Die »Ortskräfte« der Bundeswehr in Afghanistan werden schon seit Jahren ihrem Schicksal überlassen
von Ulla Jelpke (erschienen in der jungen Welt am 25.08.2021)
Nach der Eroberung Afghanistans durch die Taliban haben die ehemaligen westlichen Besatzer eine überstürzte und chaotische Evakuierungsoperation gestartet, deren Gelingen faktisch vom Wohlwollen der neuen Machthaber abhängt. Im Fokus der Aufmerksamkeit stehen vor allem die sogenannten Ortskräfte, also insbesondere Afghanen, die in der Vergangenheit entweder ausländischen Militärs oder zivilen Hilfsorganisationen zugearbeitet haben und jetzt überwiegend sich selbst überlassen wurden. Ein 2013 für sie eingeführtes Aufnahmeverfahren blieb bis vor wenigen Tagen nahezu unverändert – obwohl es sich unter den Bedingungen des eskalierenden Krieges zunehmend als überbürokratisiert und langwierig erwies.
Wer sich aufgrund seiner Hilfsdienste für die Besatzer bedroht sah, musste eine Gefährdungsanzeige erstellen und hoffen, dass das Bundesinnenministerium seiner Aufnahme in Deutschland zustimmt. Davon ausgeschlossen waren pauschal alle, deren Beschäftigung schon mehr als zwei Jahre zurückliegt. Diese Zweijahresregel wurde jetzt, zeitgleich zum Abzug der Bundeswehr, gestrichen – allerdings nur für Ortskräfte der deutschen Militärs. Für Beschäftigte im Bereich der Entwicklungshilfe galt die Regel weiterhin, bis zu dem Tag, an dem die Taliban Kabul einnahmen.

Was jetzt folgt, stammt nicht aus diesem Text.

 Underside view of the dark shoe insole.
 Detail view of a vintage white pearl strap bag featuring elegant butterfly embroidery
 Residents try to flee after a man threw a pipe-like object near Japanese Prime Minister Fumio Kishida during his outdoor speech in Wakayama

Schon 2014 beklagte der ehemalige Wehrbeauftragte des Bundestages, Reinhold Robbe, den Umgang mit den Ortskräften als »beschämend«. Damals wurde berichtet, dass 60 Prozent der Anträge abgelehnt würden. Das scheint sich nicht geändert zu haben: Auf parlamentarische Anfragen antwortete die Bundesregierung, im Zeitraum 2016 bis 2018 seien 13 Anträge bewilligt und 79 negativ beschieden worden. Zwischen April 2020 und März 2021 gab es dann 17 Zusagen, aber 29 Ablehnungen.
Wem die Aufnahme für sich und seine Angehörigen genehmigt wurde, musste seit der Zerstörung der deutschen Botschaft in Kabul zur Auslandsvertretung in Pakistan oder Indien reisen, um ein Visum zu beantragen – das bedeutete mehrere Fahrten quer durch ein Bürgerkriegsland. Wer schließlich ein Visum ergattern konnte, musste das Flugticket selbst bezahlen. Erst seit Juni übernimmt dies der Bund.

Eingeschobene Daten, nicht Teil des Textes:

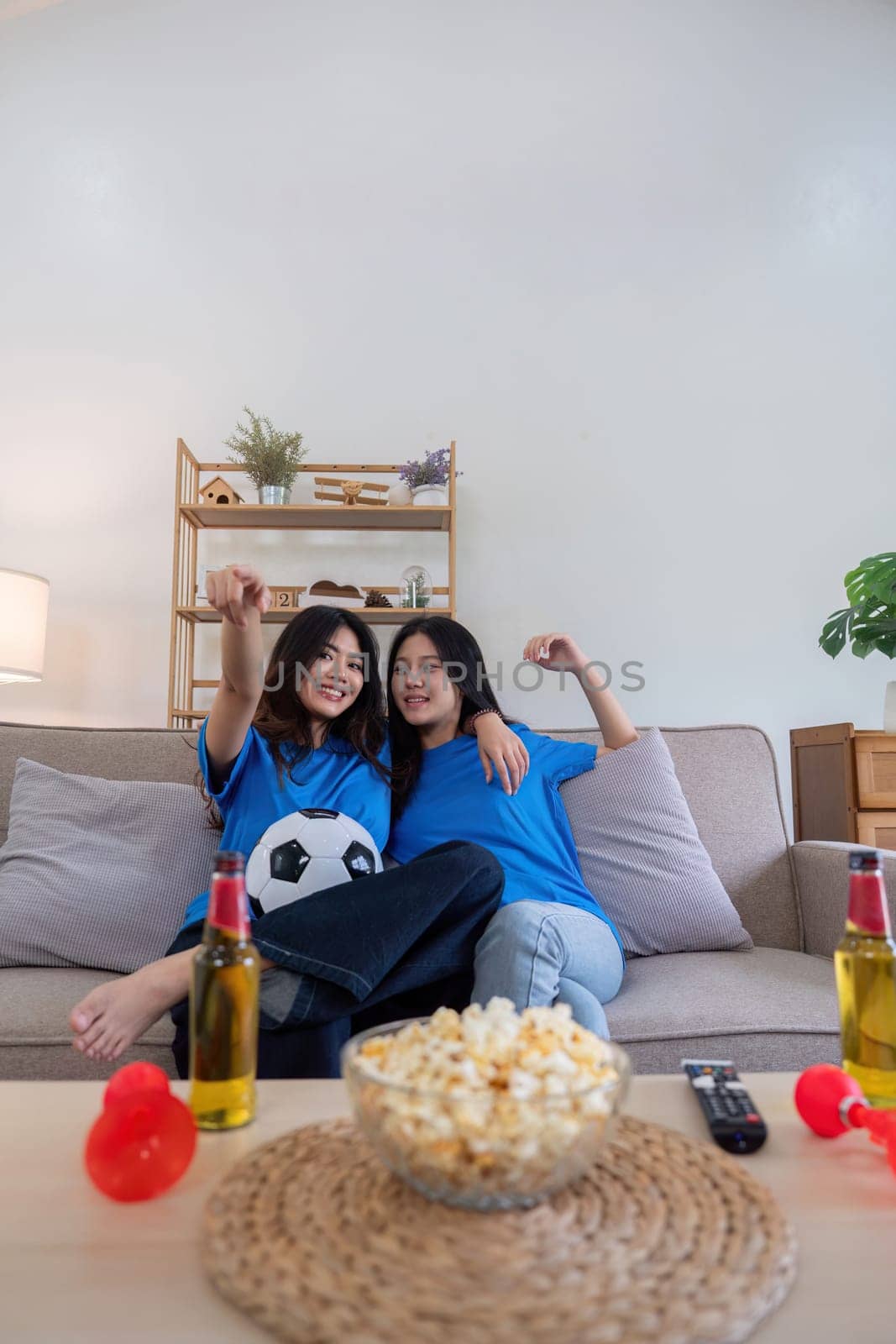 Lesbian couple cheering for Euro football at home with popcorn and drinks. Concept of sports enthusiasm and LGBTQ pride.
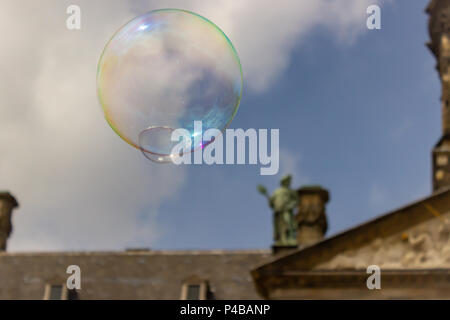 Bubbles float through the sky above Dam Square, Amsterdam, Netherlands. Stock Photo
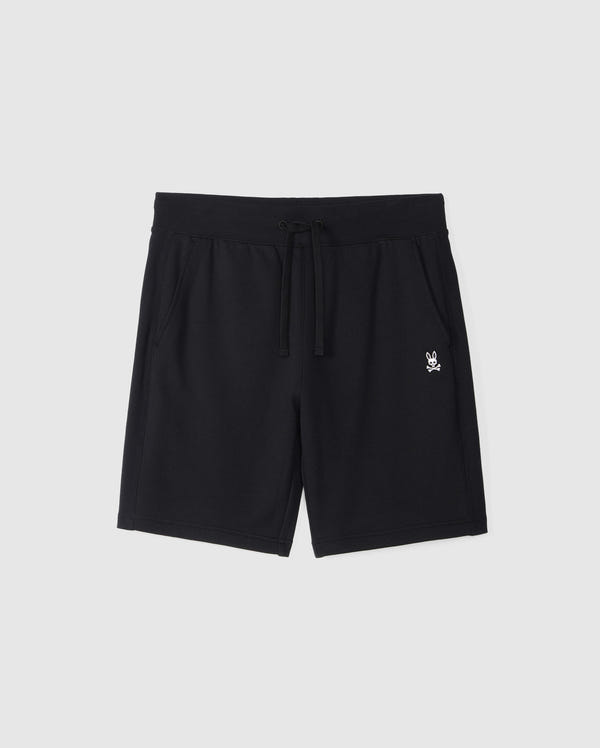 Introducing the MENS LEVY FLEECE SWEATSHORT - B6R862D200 by Psycho Bunny: These black French terry shorts feature an elastic waistband with an adjustable drawstring, side pockets, and a small white skull and crossbones logo on the left thigh. Made of cotton, these sweatshorts sport a clean, minimalist design that makes them perfect as an everyday staple.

Im Mai dieses Jahres schlugen Dutzende Afghanistan-Experten, darunter mehrere ehemalige Wehrbeauftragte, Alarm und forderten eine »zügige und unbürokratische Aufnahme«, und zwar »parallel zum laufenden Abzug des deutschen Kontingents«. Die Bundesregierung jedoch hielt weiterhin am alten Verfahren fest. Die Bundeswehr war weg, die Ortskräfte wurden vertröstet.
Der SPD-Politiker Wolfgang Hellmich, Vorsitzender des Verteidigungsausschusses, nannte es Anfang August in der Süddeutschen Zeitung eine »irrwitzige Vorstellung, dass sich die Familien auf den Weg machen, das Verfahren bewältigen und sich selbst die Flüge buchen«, während »die Taliban die Städte einkesseln«.

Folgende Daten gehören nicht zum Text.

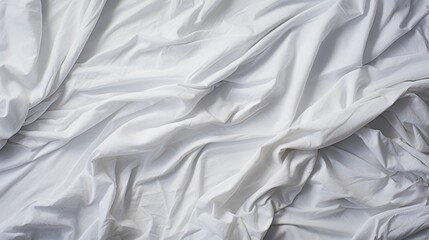 Freshly laundered bed sheets, folded neatly with visible creases.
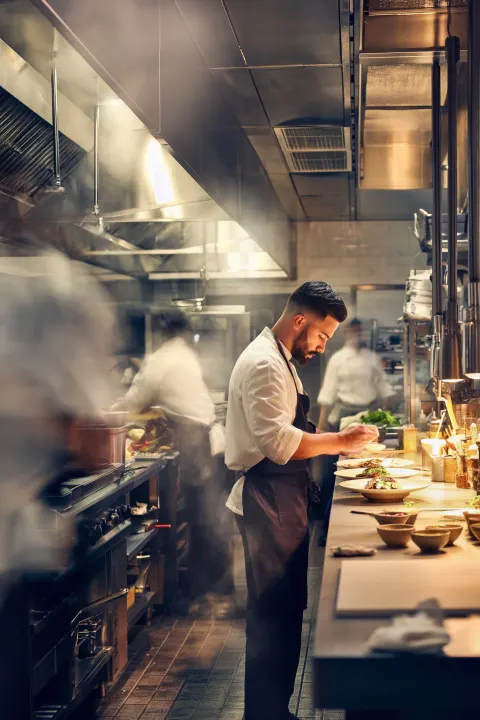 Professional restaurant kitchen during service, clean and organized workspace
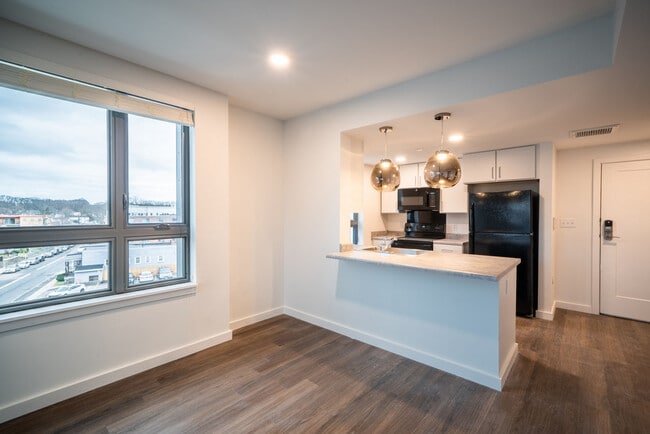 The Loop Living Area - The Loop at Mattapan Station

Nach Recherchen des ZDF vom 19. August sind derzeit noch 7.000 bis 8.000 ehemalige Ortskräfte und ihre Angehörigen, die sog. Kernfamilie, in Afghanistan. Ihre Gefährdung wird unterschiedlich eingeschätzt. Insbesondere Helfer der Bundeswehr laufen Gefahr, als Kollaborateure verfolgt zu werden. Etliche Hilfsorganisationen hingegen wollen ihre Arbeit auch unter Taliban-Herrschaft fortsetzen.